WHAT THE EXERCISE ASKS:
Exactly the lines from the one containing "Grateful Dead graphic crop" through the end of the records must be reproduced; leave out all pictures.

——————

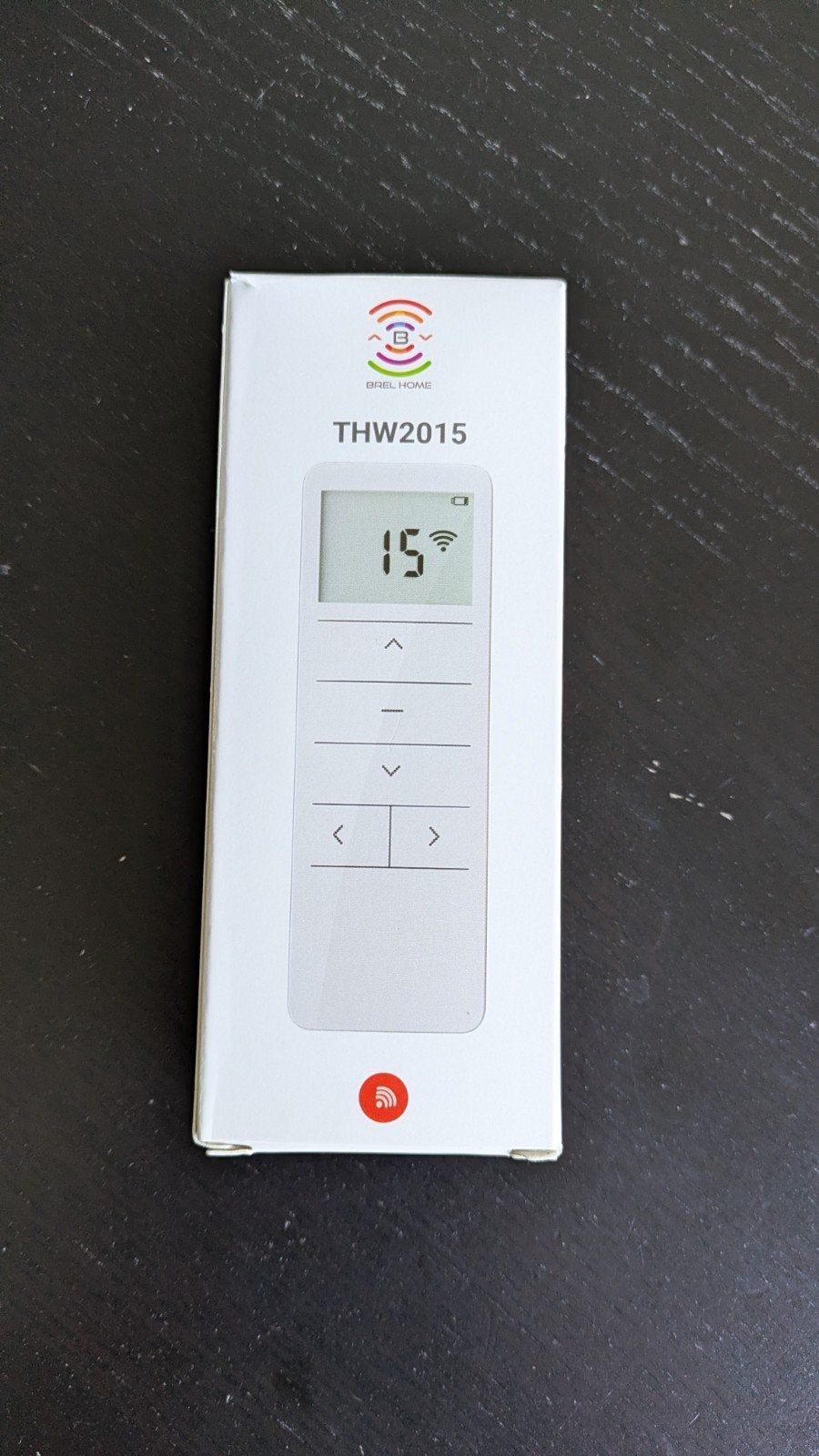 Télécommande - THW2015 - Brel Home - Neuve, Bricolage & Construction, Volets, Enlèvement ou Envoi, Neuf, Blanc, Fonctionnement électrique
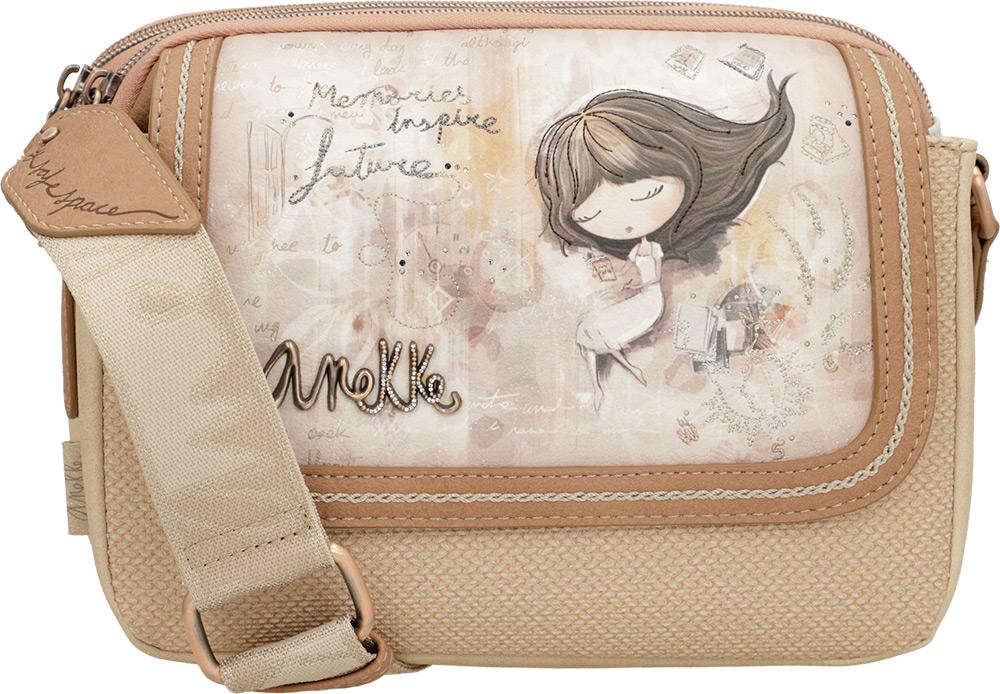 246377-EC Torba fashion Anekke MEMORIES SS25 S-25x18x8cm 40803-349 P12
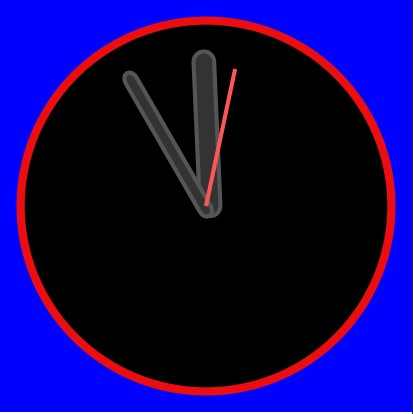 Analog Clock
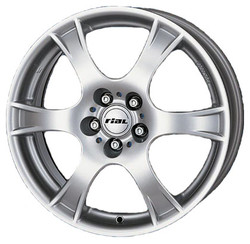 Rial RIAL CAMPO 7.0X17 5/114.3 ET46 d70.1 /polar-silver/ MP [CA70746B81] | ������� CA70746B81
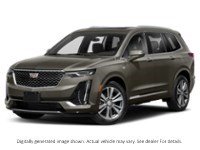 2022 Cadillac Xt6 AWD 4Dr Premium Luxury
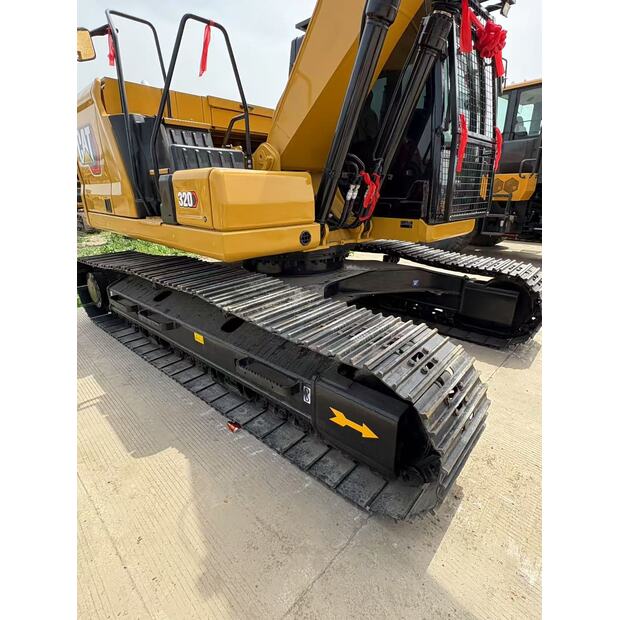 2024 كاتربيلر 320GC-42751092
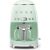 SMEG DCF02PGEU Drip Coffee Machine Pastel green 50's Style Aesthetic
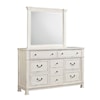 Standard Furniture Chesapeake Bay Queen Bedroom Group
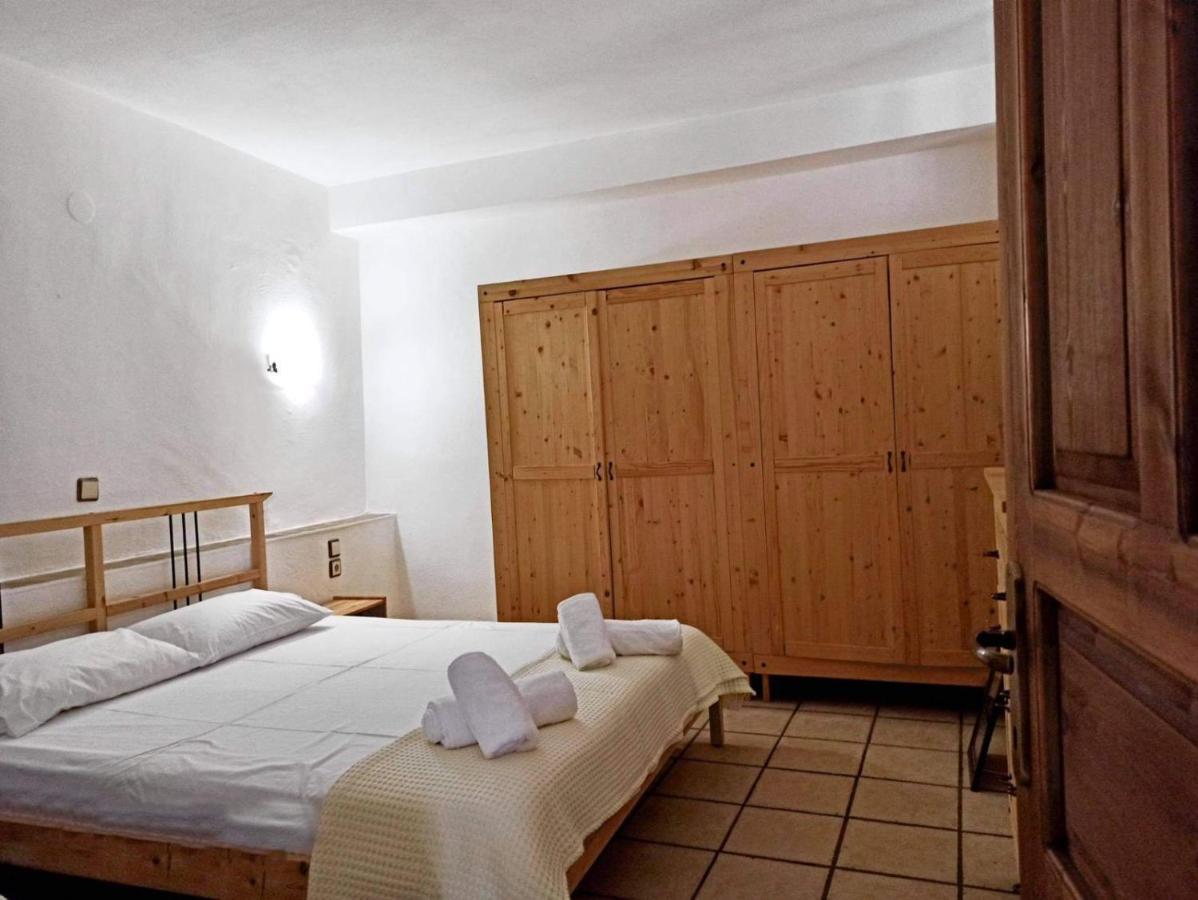Apartament Pantheon Seres Zewnętrze zdjęcie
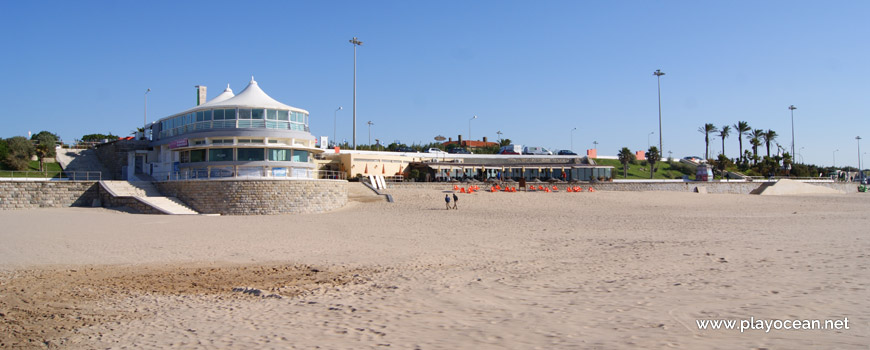 Bar, Praia de Carcavelos Beach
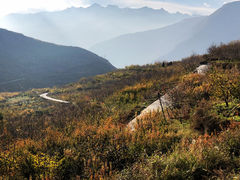 -萝卜寨羌文化生态旅游区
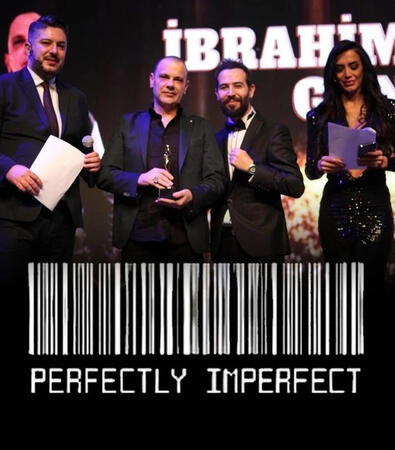 ibrahim murat gunduz - awards night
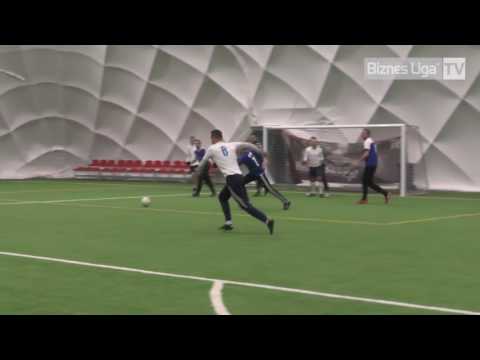 21.12.2016 Extraklasa - State Street I vs. PKP Cargo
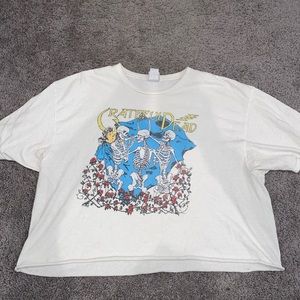 Grateful Dead graphic crop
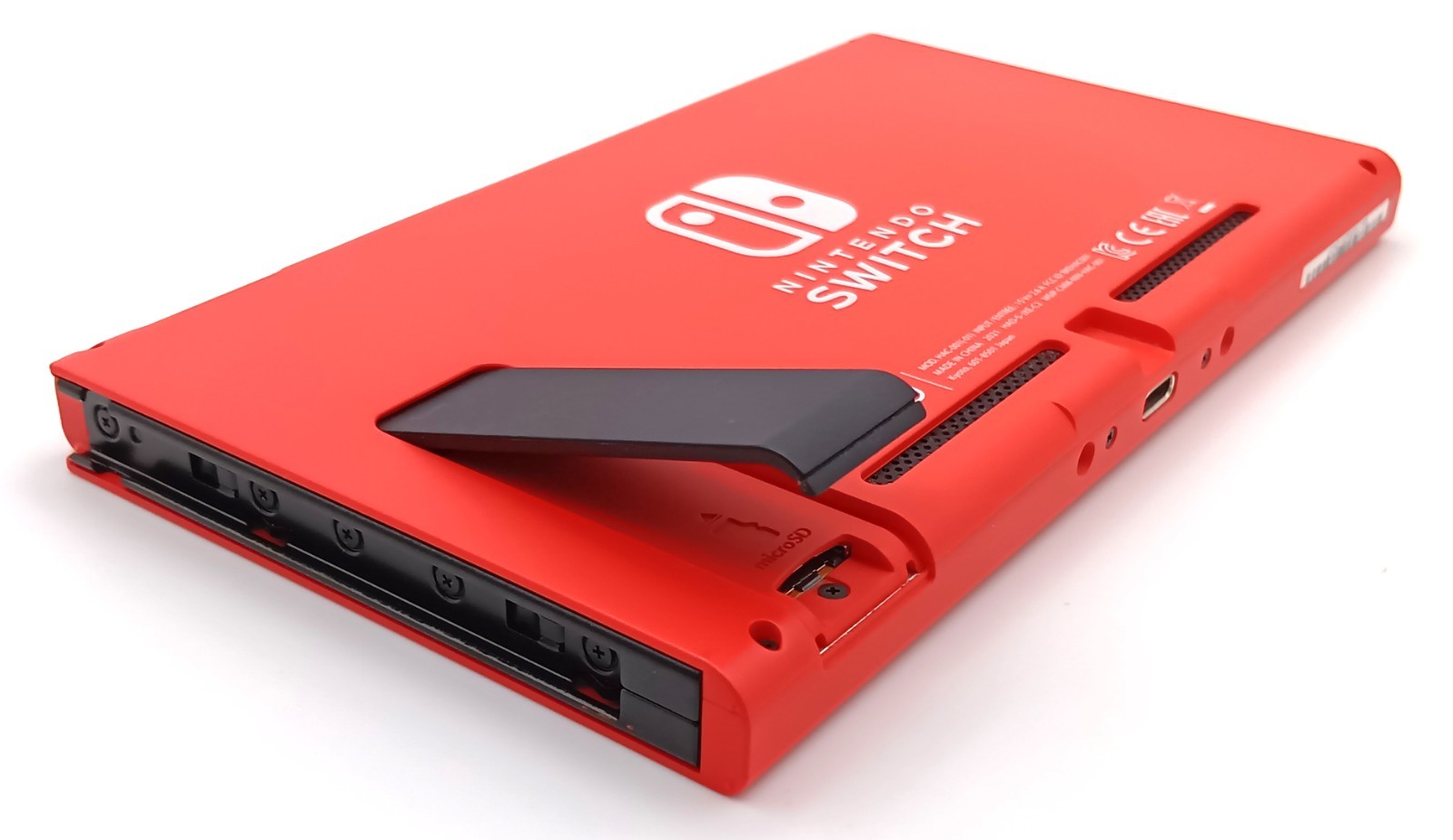 [Near Mint] Nintendo Switch Console Mario Red HAC-001(-01) Tested and Working#11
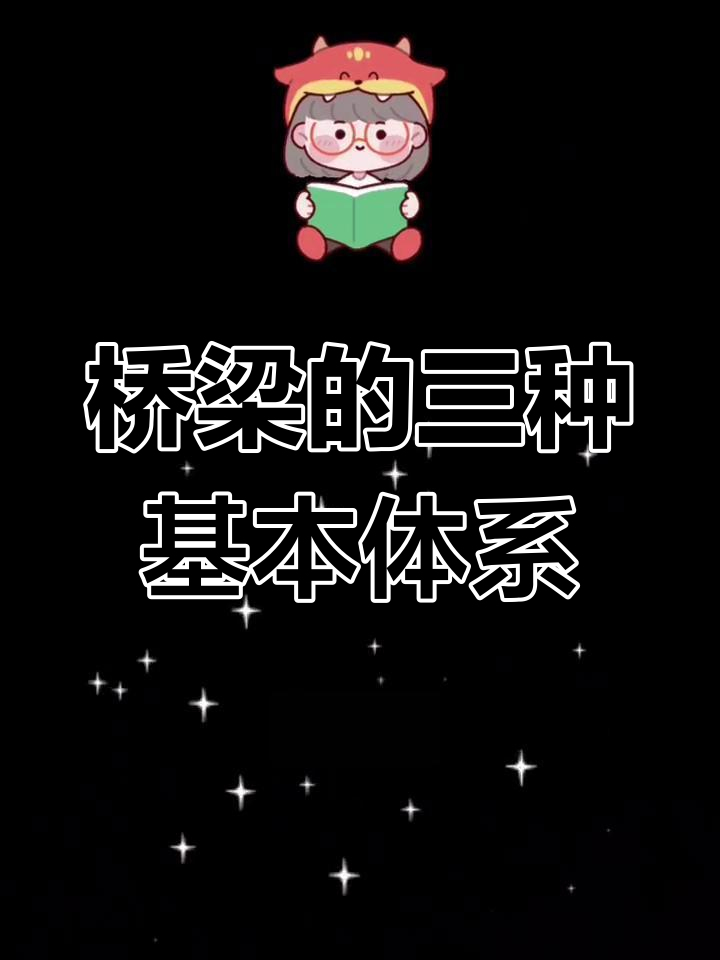桥梁受力类型解析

——————

ANSWER SPACE:
 Grateful Dead graphic crop
 [Near Mint] Nintendo Switch Console Mario Red HAC-001(-01) Tested and Working#11
桥梁受力类型解析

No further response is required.